**Directions for this task:**
Leave out the pictures and restate exactly, and only, the lines from the one that contains "Rhinoplasty Before, Female 38 - 4803" through the final line of the material below.

**Data extract:**
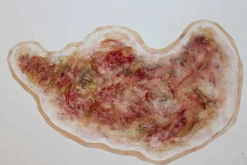 ForensicFX Studios Zombie Face Burn Prosthetic></noscript> Halloween Accessories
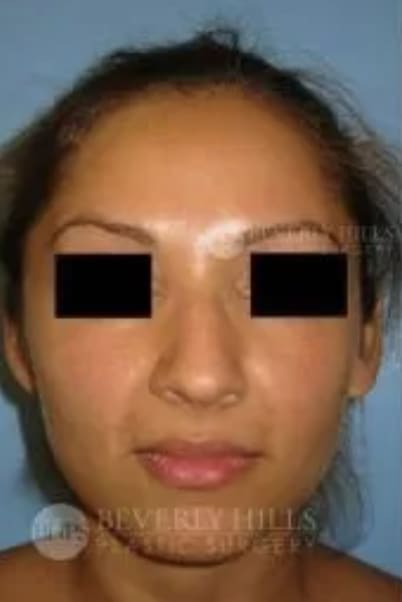 Rhinoplasty Before, Female 38 - 4803
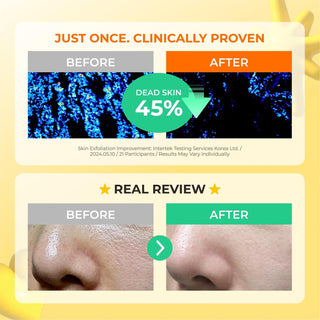 Watery Sulfur Pad (4 Week Solution)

**The answer:**
 Rhinoplasty Before, Female 38 - 4803
 Watery Sulfur Pad (4 Week Solution)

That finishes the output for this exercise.